I’d thought there must be a cat prowling through the garden with all the fuss the robins and bluejays were making. I went outside, flip-flop in hand (they’re excellent flung at neighborhood strays) and found that the fuss was due to a red-tail on our roof. Strange, I thought. It flew to the black locust in the neighbor’s yard and I watched it for a while and cheered the robins for their bravery in dive-bombing it.
An hour or so later the DH whispered, “Come here, quick!” from beside the kitchen window. The red-tail was back, this time on the ground, high-stepping through the grass beside the driveway. Hawks look so out of their element on the ground, don’t they?
Then I noticed the tiny wriggling baby bunnies on the driveway. Three in all, spread out beneath my car, one in the shadow of a tire.
Hmmm. What to do?
Dutifully, bunny-lover that I am, I stepped out the door and the red-tail flew off to the neighbor’s roof.

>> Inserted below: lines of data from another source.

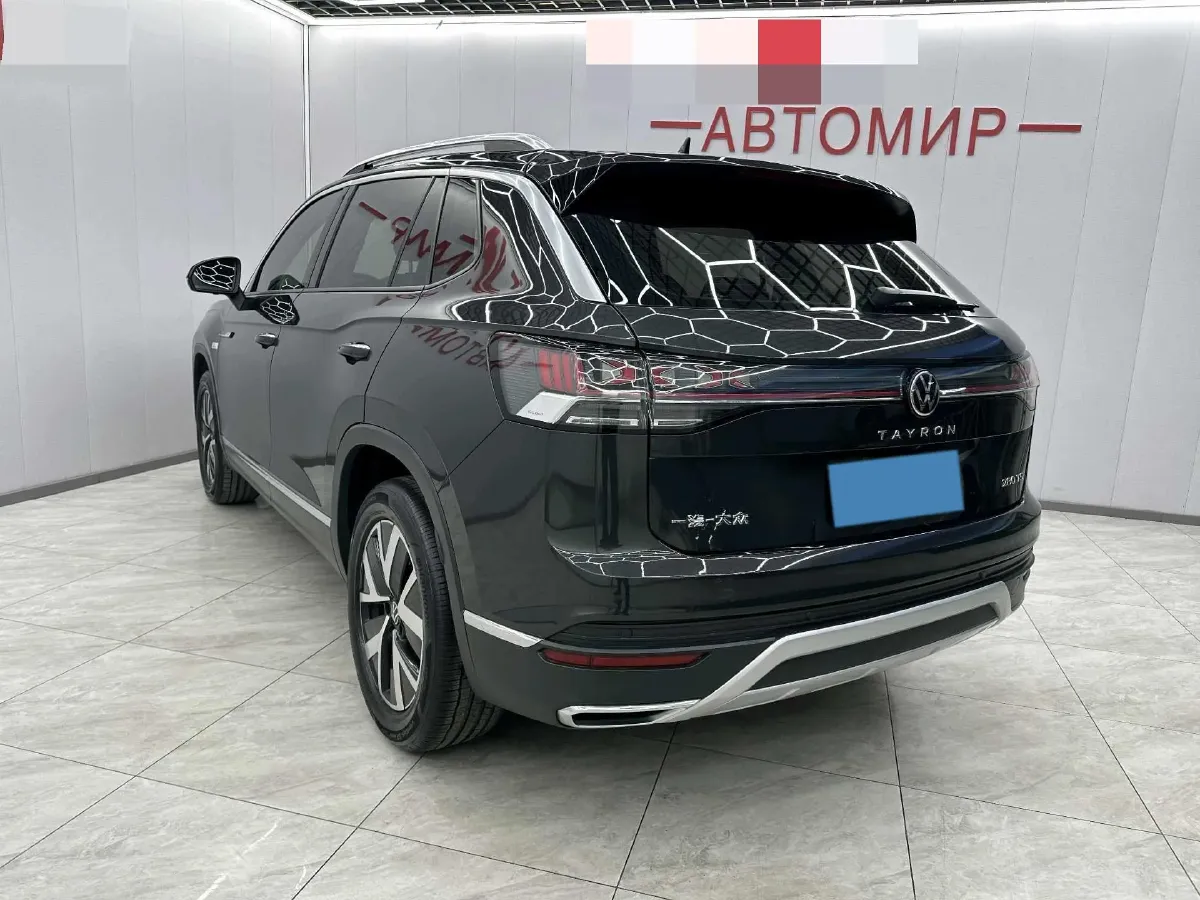 2023 Volkswagen Tayron 1.4T 150HP L4 7DCT,autocango,china used car exporter,china ev exporter,chinese used car exporter,chinese used ev exporter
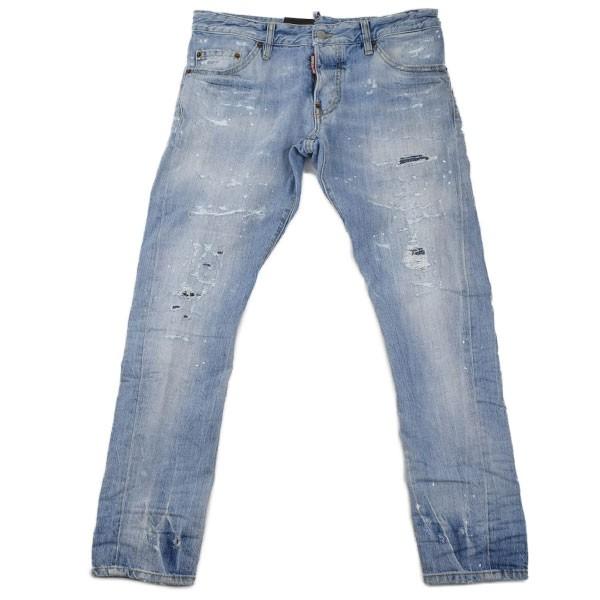 DSQUARED2 19SS Sexy Twist S71LB0627 デニム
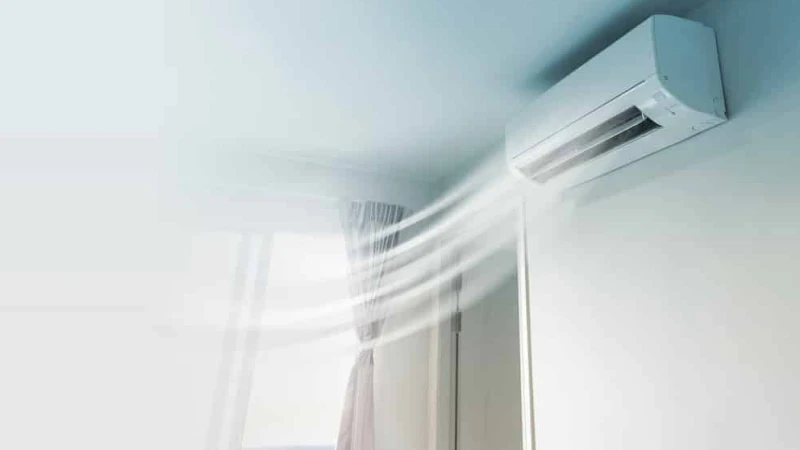 Vệ sinh điều hòa Củ Chi thường xuyên để duy trì không gian sạch sẽ cho gia đình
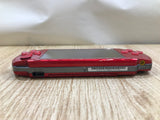 PSP-3000 RADIANT RED Console Japan - With Defects GE1835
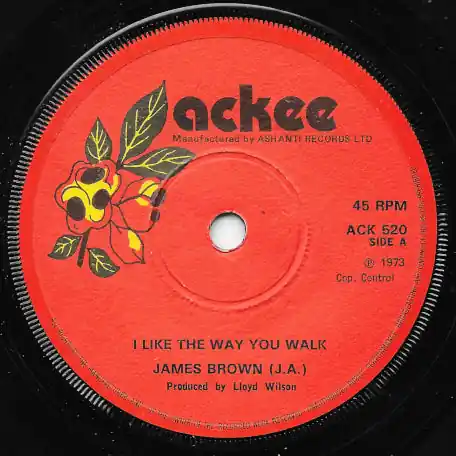 Discount I Like The Way You Walk / Do It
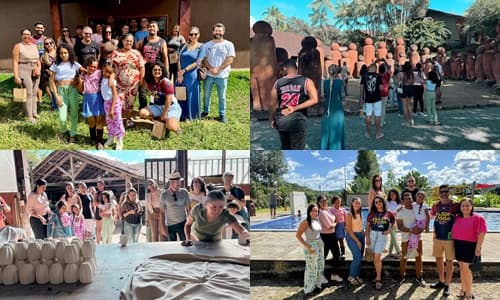 Ibirataia: Prefeitura impulsiona turismo cultural com segunda visita guiada na programação do São João Raiz 2025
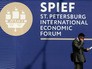 XX Петербургский международный экономический форум XX Петербургский международный экономический форум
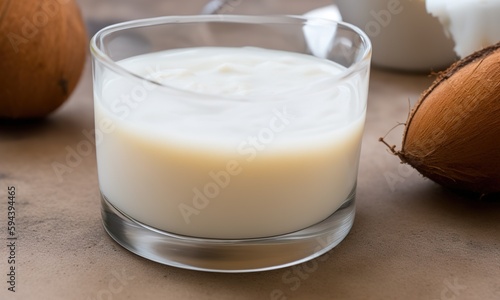 glass of milk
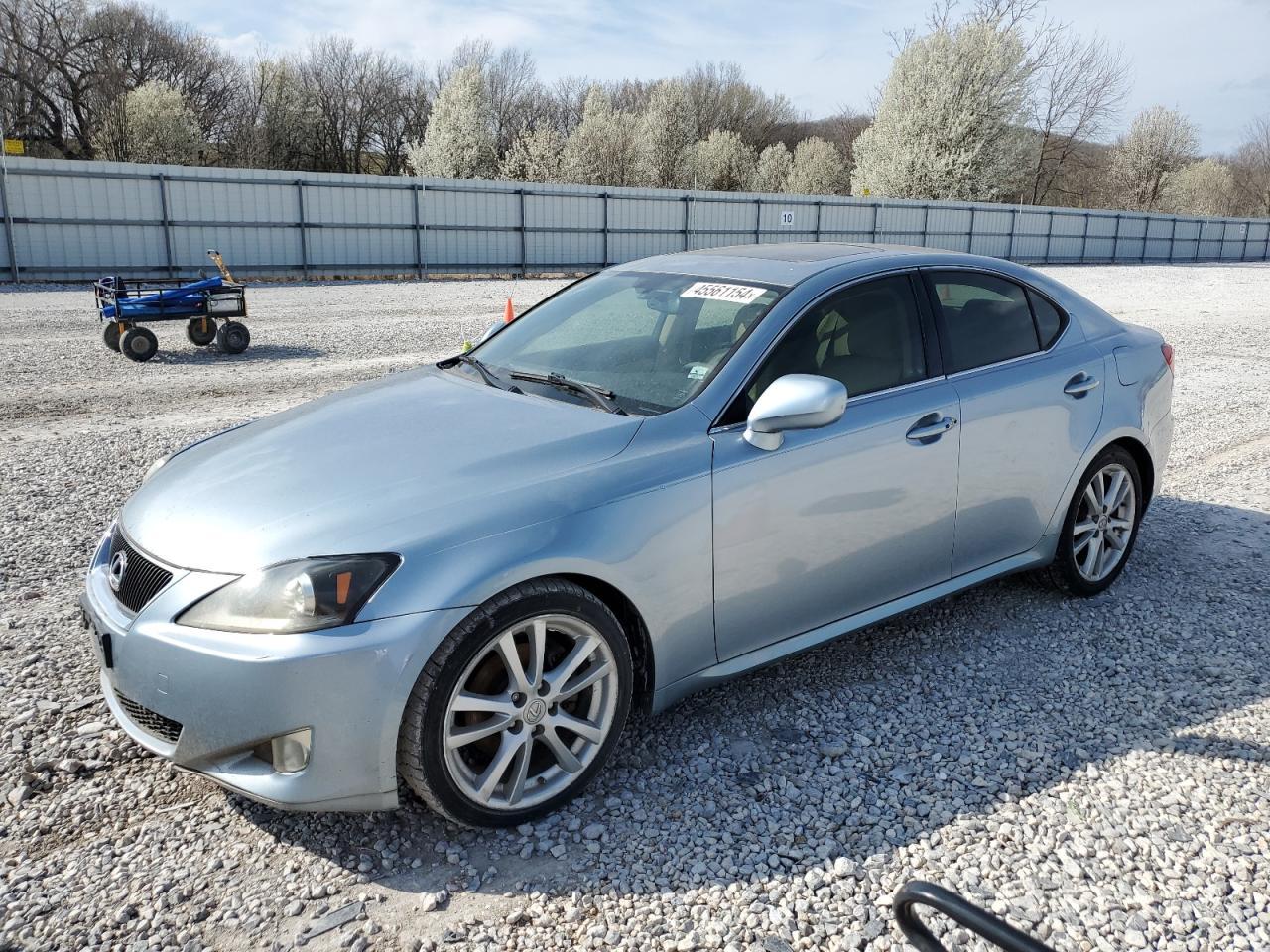 2006 Lexus Is 250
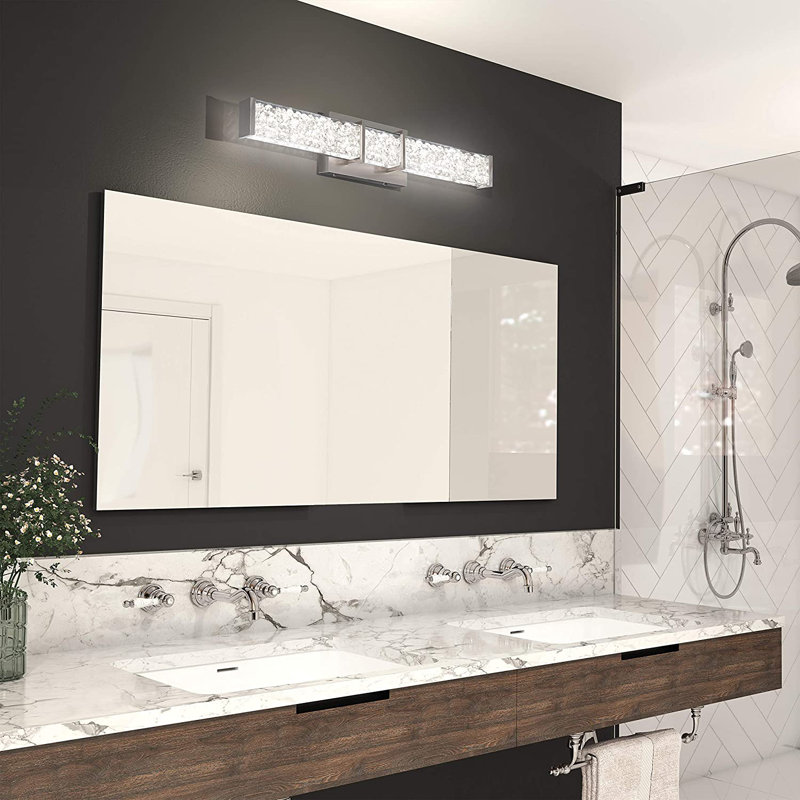 Bassick Dimmable LED Vanity Light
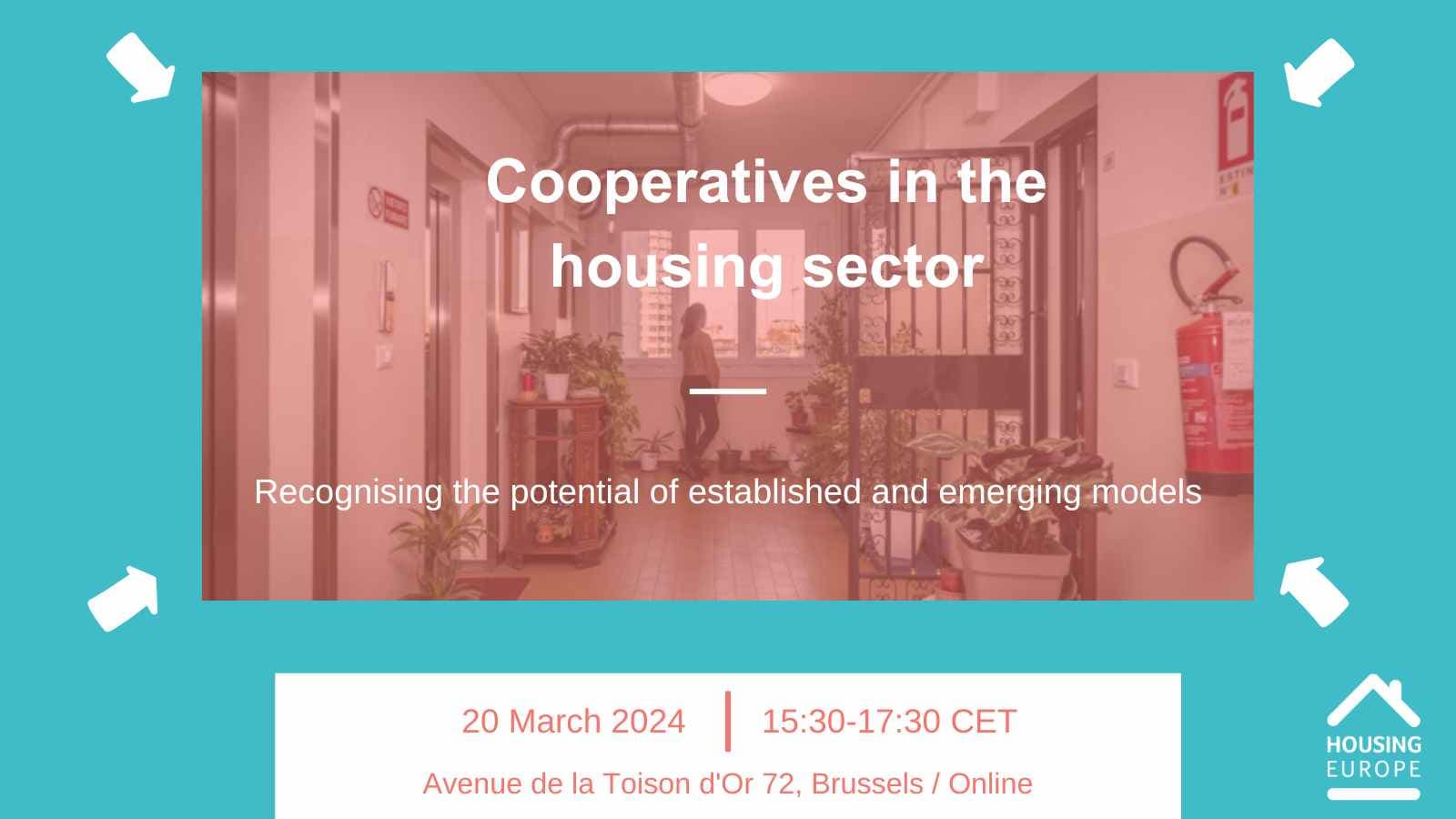 Cooperatives in the housing sector 2024
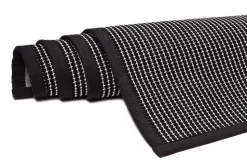 VM-Carpet matto Lyyra2 80x200 cm 70 musta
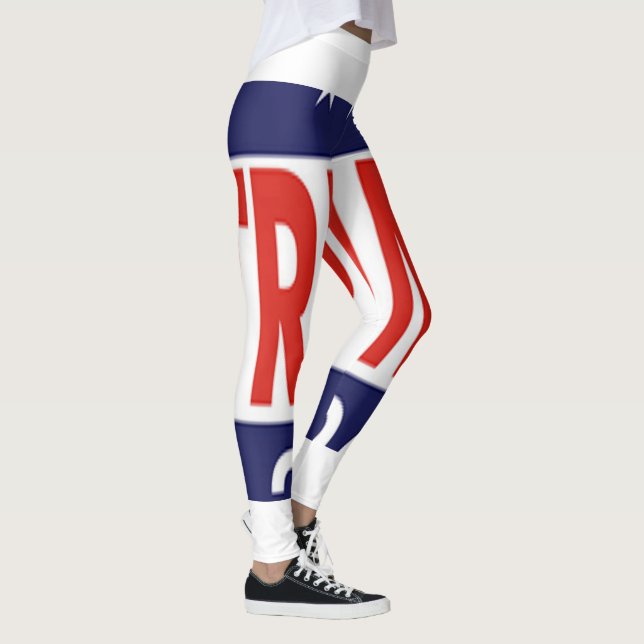 Leggings Donald Trump 2024 (Droite)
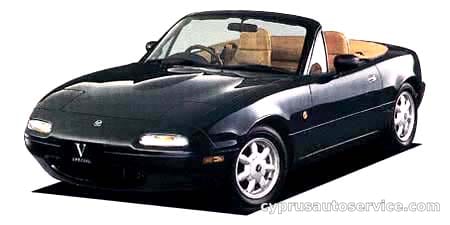 EUNOS ROADSTER V SPECIAL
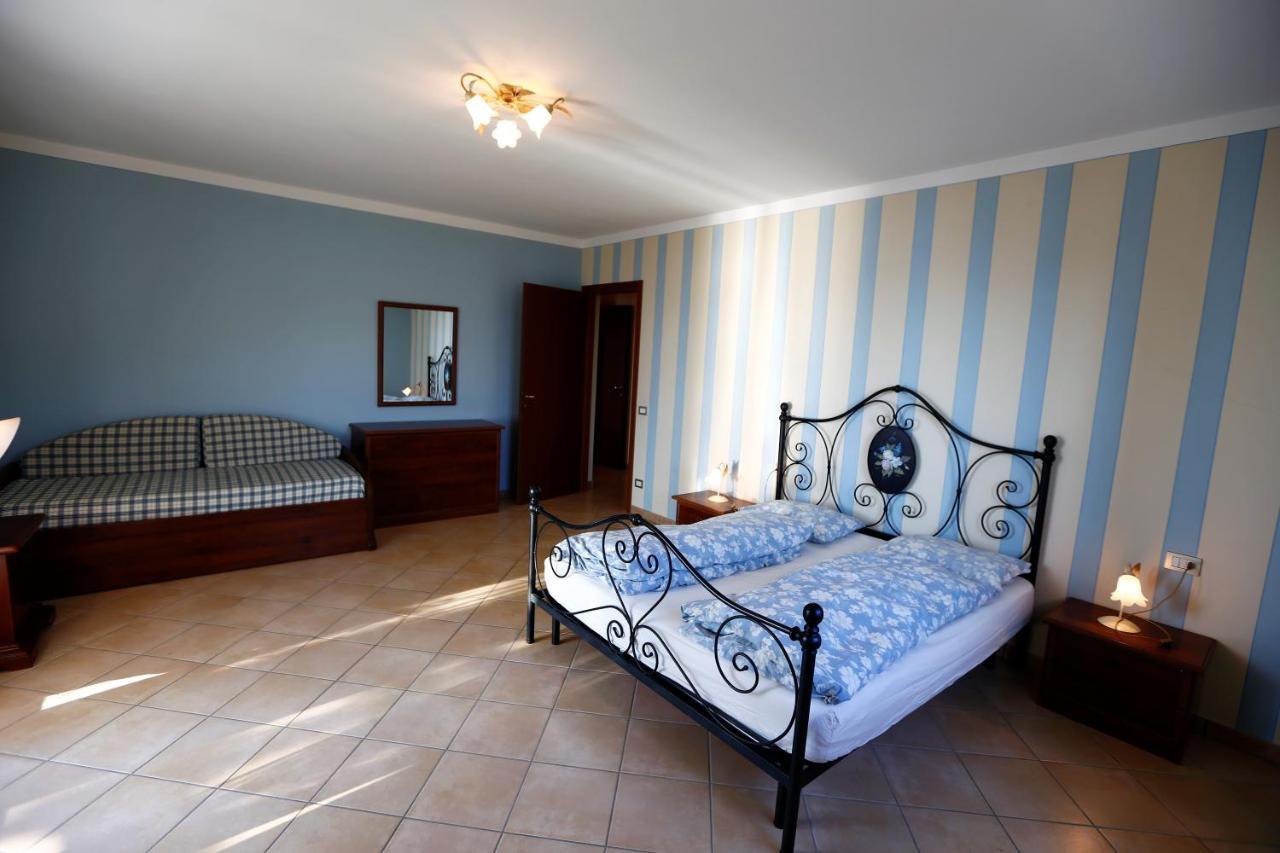 Casa Vista Castelli Apartman Cannobio Kültér fotó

The nest had been dug weeks ago and then abandoned. Too close, I’d thought, to Luka’s run of the yard. Looking inside it now, I found two newborn kits in the middle of a hastily covered scrape. Following the trail of newborn bunnies under the car, I saw the mother rabbit crouched beneath the transmission.
I returned the babies to their nest and wondered what had happened. Was the mother interrupted in her birthing by the hawk – does that explain two in the nest and three others spread out in the driveway? Had the hawk discovered the nest and the momma bunny caught in the middle of moving them somewhere safe? Was the hawk on the ground after the babies or the mother? Odd the mysteries that play themselves out if we’re paying attention, I think.
I wonder if they’ll survive, if the mother will come back to nurse them as she should. I wonder, too, that the red-tail won’t come back.